Monday, February 10, 2014

Free Software:Graphics GIMP

GIMP a powerful free graphics manipulation program.
GIMP is a very powerful program in its own right for editing graphics, while it may not be as powerful as Photoshop, most people will never use all the power of Photoshop making GIMP a good option for a large number of people. 
GIMP, the GNU Image Manipulation Program.
What you need to know about GIMP.
  1. It is free.
  2. It runs on Linux, Windows, and Mac.
  3. It is powerful.
  4. There are online tutorials to help you get started.
I am not really a graphics person, I have done some work but my wife Cindy is the real expert at graphics. Here is a link to some of her work Scribler.us. Cindy started off with GIMP since it was free and now uses GIMP and Photoshop to do her digital scrapbook layouts.

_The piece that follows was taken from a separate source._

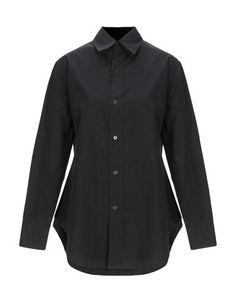 Pубашка Yohji Yamamoto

What can you use GIMP for?
GIMP provides tools for fixing photos, painting, and animation. Combine the power of GIMP with the fact it is free and you have a great tool for home users, kids, students, none profits, teachers, web designers, and small businesses that need to work with photos and graphics, but do want to spend the money on Adobe Photoshop.

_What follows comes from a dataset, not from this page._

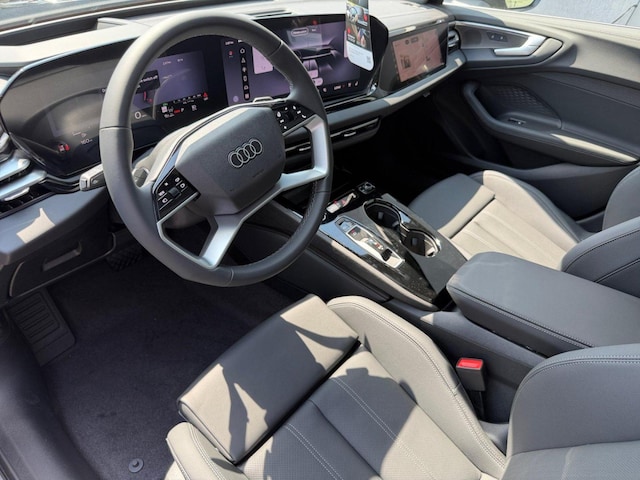 2026 Audi A5 Sedan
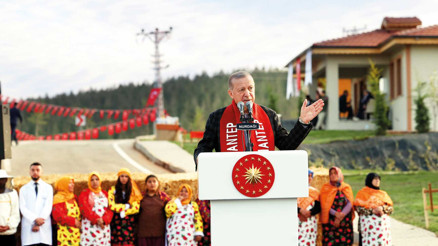 Çiftçilere 10 yeni müjde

Here is a list of some of GIMPs features.

  • Painting
    • Full suite of painting tools including Brush, Pencil, Airbrush, Clone, etc.
    • Sub-pixel sampling for all paint tools for high-quality anti-aliasing
    • Extremely powerful gradient editor and blend tool
    • Supports custom brushes and patterns
  • System
    • Tile-based memory management so image size is limited only by available disk space
    • Virtually unlimited number of images open at one time
  • Advanced Manipulation
    • Full alpha channel support
    • Layers and channels
    • Multiple Undo/Redo (limited only by disk space)
    • Editable text layers
    • Transformation tools including rotate, scale, shear and flip
    • Selection tools including rectangle, rounded rectangle, ellipse, free, fuzzy
    • Foreground extraction tool
    • Advanced path tool doing bezier and polygonal selections.
    • Transformable paths, transformable selections.
    • Quick mask to paint a selection.
  • Extensible
    • A Procedural Database for calling internal GIMP functions from external programs as in Script-fu
    • Advanced scripting capabilities (Scheme, Python, Perl)
    • Plug-ins which allow for the easy addition of new file formats and new effect filters
    • Over 100 plug-ins already available
  • Animation
    • Load and save animations in a convenient frame-as-layer format
    • MNG support
    • Frame Navigator (in GAP, the GIMP Animation Package)
    • Onion Skin (in GAP, the GIMP Animation Package)
    • Bluebox (in GAP, the GIMP Animation Package)
  • File Handling
    • File formats supported include bmp, gif, jpeg, mng, pcx, pdf, png, ps, psd, svg, tiff, tga, xpm, and many others
    • Load, display, convert, save to many file formats
    • SVG path import/export
  • Device support
    • Pressure-sensitive tablets
    • tilt sensitive tablets
    • and a wide range of USB or MIDI controllers.
What do you need to get started?
Gimp runs on Linux, Windows, Mac OS/X, as well as BSD, and Solaris so odds are if you have a computer it will run GIMP. The next logical step is downloading GIMP from the GIMP website.  After installing GIMP check out these tutorials to get started, and of course, you can find video tutorials on YouTube. 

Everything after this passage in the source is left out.